We can no longer just wait for climate disasters to happen and try to manage them. We need national co-ordination, new investment and novel technologies applied to the prediction of floods, water quality and droughts, and identification of risk to properties and infrastructure.

We need to identify the vulnerabilities of communities and focus on mitigating suffering — it's not just about property damage and value.

We need integrated river basin planning for disaster mitigation, adaptation, flood and drought recovery, pollution abatement, transboundary allocation, U.S. water relationships, and the use of natural infrastructure such as wetlands, lakes and forests to restore river basin function.

We need the leading-edge research and science capacity to inform wise water decisions and build state-of-the-art water prediction and management systems to support decision-making.

We need an integrated, service-oriented federal water and water-related climate initiative that brings the full capacity of the federal government, in co-operation with provinces, territories, First Nations and communities, to protect Canadians in a drier, hotter, stormier and more catastrophic future.

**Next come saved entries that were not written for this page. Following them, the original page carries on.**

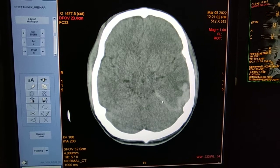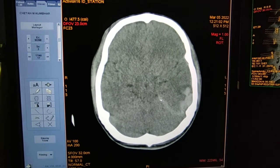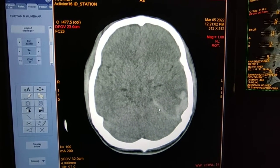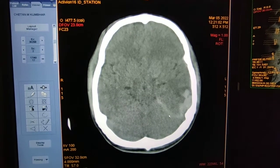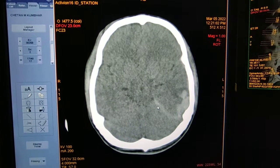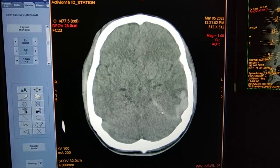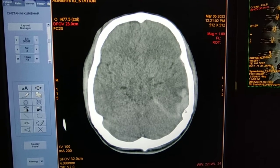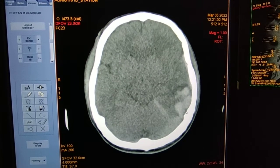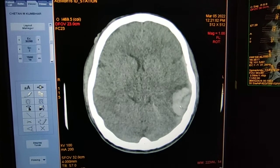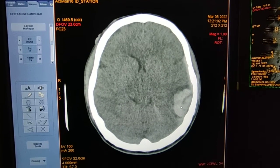Here is a thin strip of hyperdensity in the left tentorium — this may suggest left tentorial hemorrhage. This is a large hyperdense lesion in the left temporoparietal lobe.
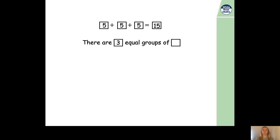And three equal groups of how many? Well, how many do we add each time? We add five. So, we're going to need three equal groups of five. What I'd like you to do now is pause the video and draw your groups. You can draw circles, squares, hearts — you can draw anything. Just draw three equal groups of five. Pause the video now, please.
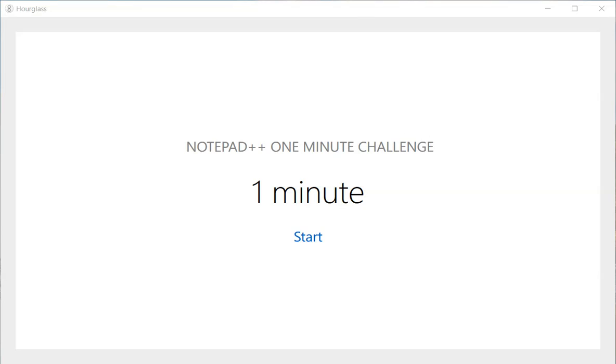Hey guys, this is Amit. Welcome to our Notepad++ one minute challenge in which we learn something new in about a minute. So let's get started.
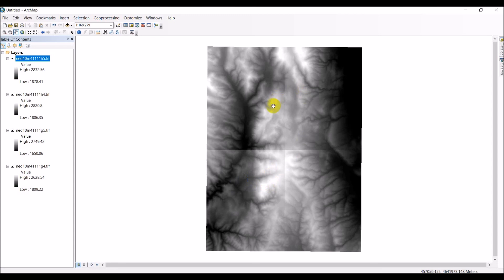I'm going to stop this video here. In the next video, we'll start working on how to stitch these rasters together and get into some of the analysis. Thank you.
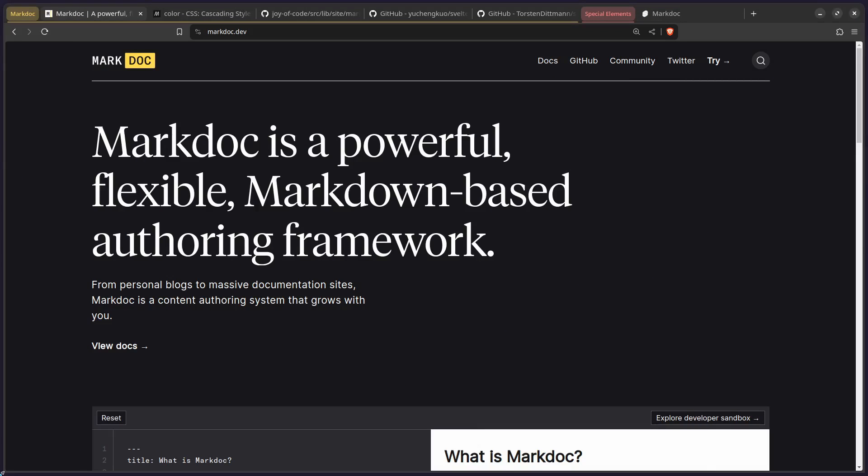Hey friends, what's up? I thought a fun topic for today's video will be making a custom MarkDoc renderer for Svelte. And you probably have two questions. First, what is MarkDoc? And second, what is a renderer?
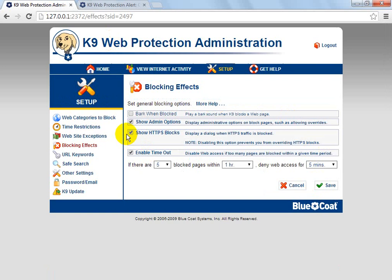HTTPS blocks — if you don't know what HTTPS means, it means Hypertext Transfer Protocol Secure. You use it for secure networking and stuff like that. You just want to leave it on; it prevents overriding. So say if you blocked social networking and you wanted to go to Twitter and you put http://twitter.com, it would block it. But if you typed in https://twitter.com, then it would override the K9 program and actually not block it. Most social networking sites now, for security reasons and hacking prevention, use secure servers — that's HTTPS — so I just leave that on.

Canada can still choose to successfully adapt to the climate crisis. However, there is great urgency now and mere caution is no longer a sound strategy. We cannot be the generation that knew what to do and yet failed the future. It is up to us to lower the temperature before we, and the frog, boil.

Prof. John Pomeroy is the Canada Research Chair in Water Resources and Climate Change and the director of the Global Water Futures Program at the University of Saskatchewan.

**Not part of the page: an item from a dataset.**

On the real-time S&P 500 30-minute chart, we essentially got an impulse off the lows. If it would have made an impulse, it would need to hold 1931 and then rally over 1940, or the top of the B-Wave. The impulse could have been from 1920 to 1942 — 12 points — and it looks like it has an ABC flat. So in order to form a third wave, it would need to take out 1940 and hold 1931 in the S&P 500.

Bob Sandford is the senior government relations liaison for global climate emergency response at the United Nations University Institute for Water, Environment and Health.

Dr. Thomas Axworthy was the senior adviser and then principal secretary to former prime minister Pierre Elliott Trudeau. He is now a distinguished fellow at the Munk School of Global Affairs at the University of Toronto and a member of Canada’s National Forum for Leadership on Water.